EXERCISE DIRECTIONS: Please output the listing that follows exactly, but keep all images out.

SUPPLIED RECORDS:
---+---

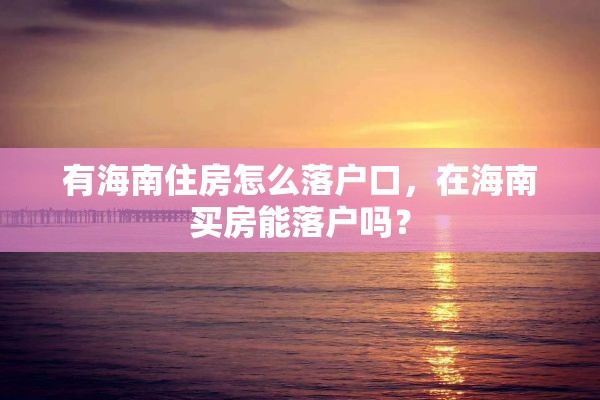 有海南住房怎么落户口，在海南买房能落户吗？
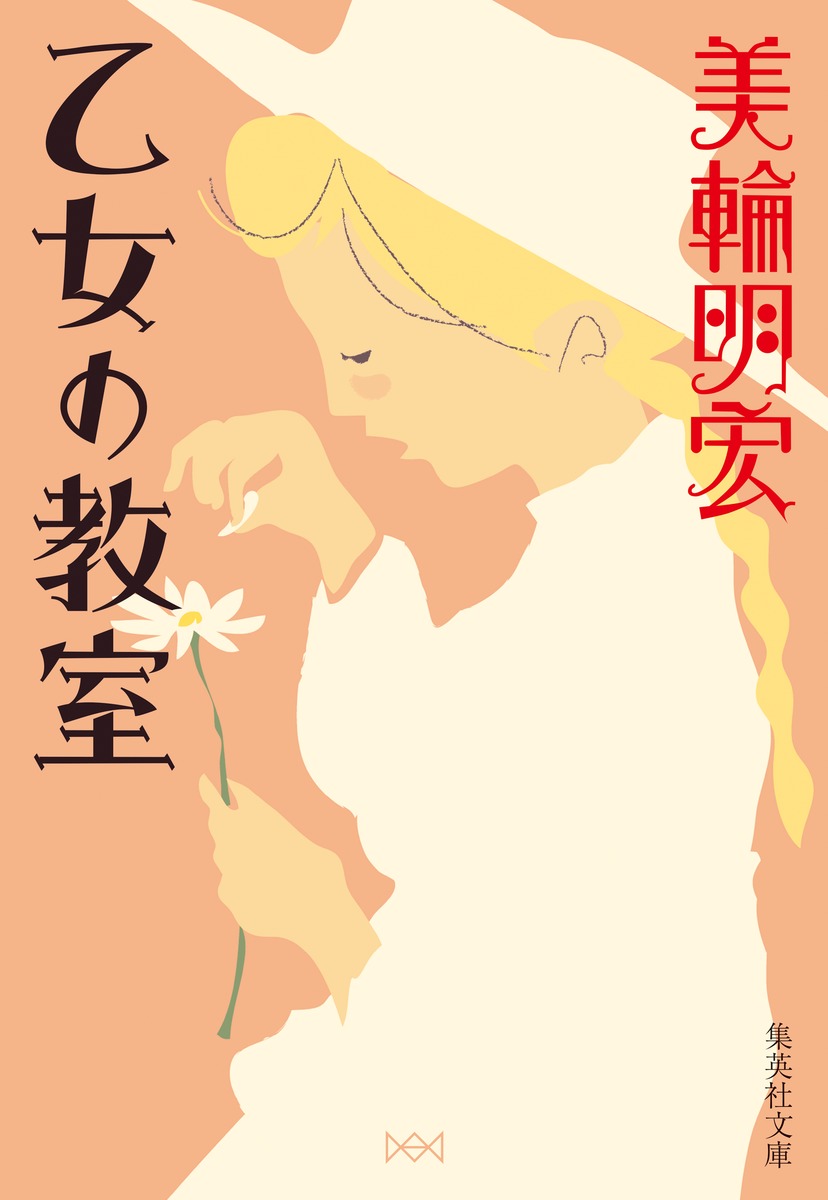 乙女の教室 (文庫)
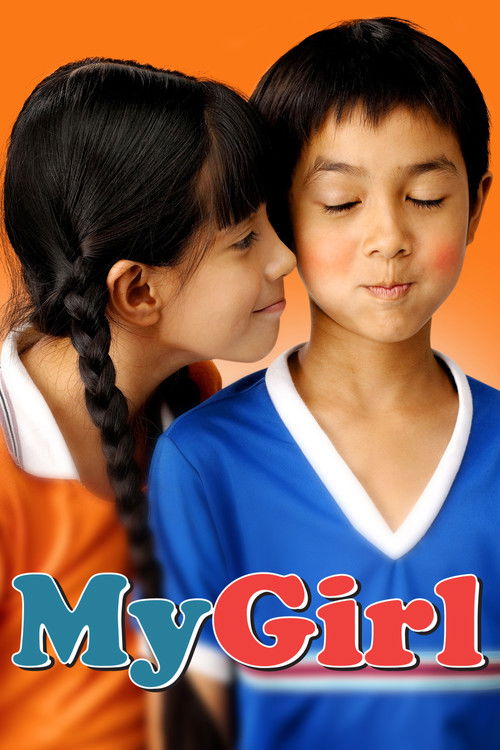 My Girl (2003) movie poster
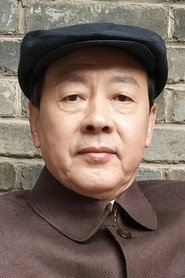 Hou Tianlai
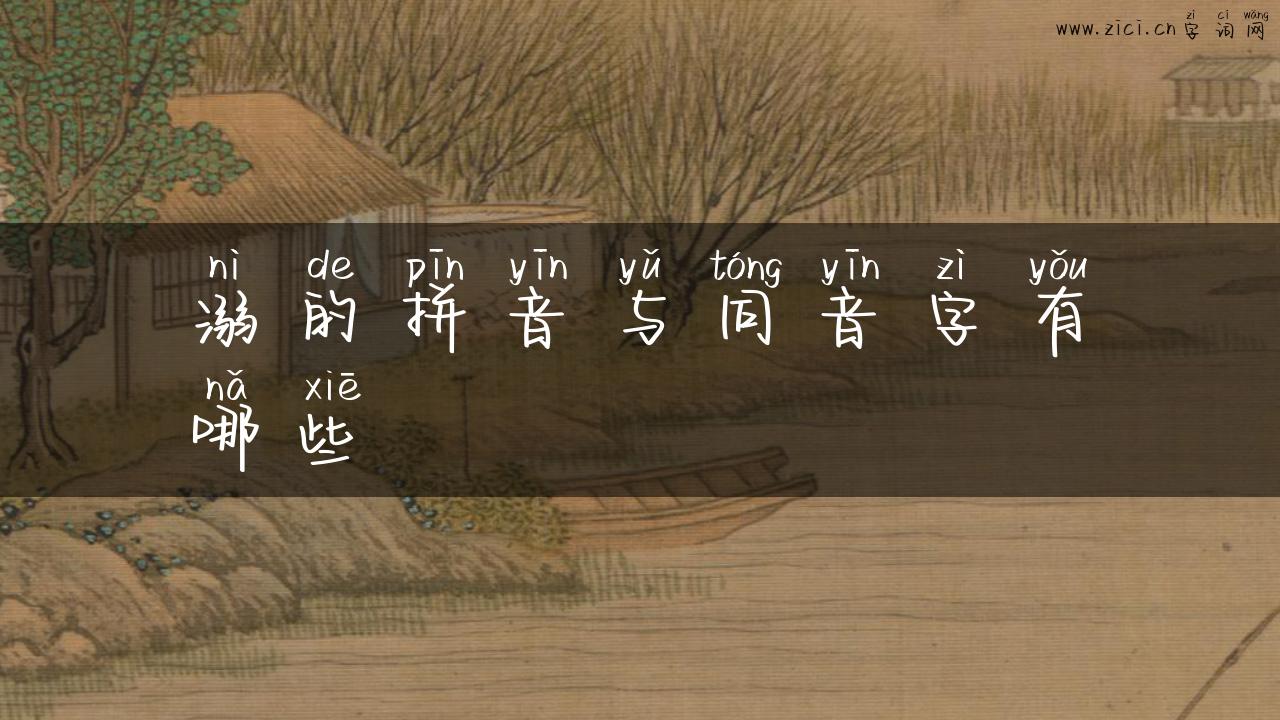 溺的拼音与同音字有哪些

---+---

ANSWER TO THE PROBLEM:
 有海南住房怎么落户口，在海南买房能落户吗？
 乙女の教室 (文庫)
 My Girl (2003) movie poster
 Hou Tianlai
 溺的拼音与同音字有哪些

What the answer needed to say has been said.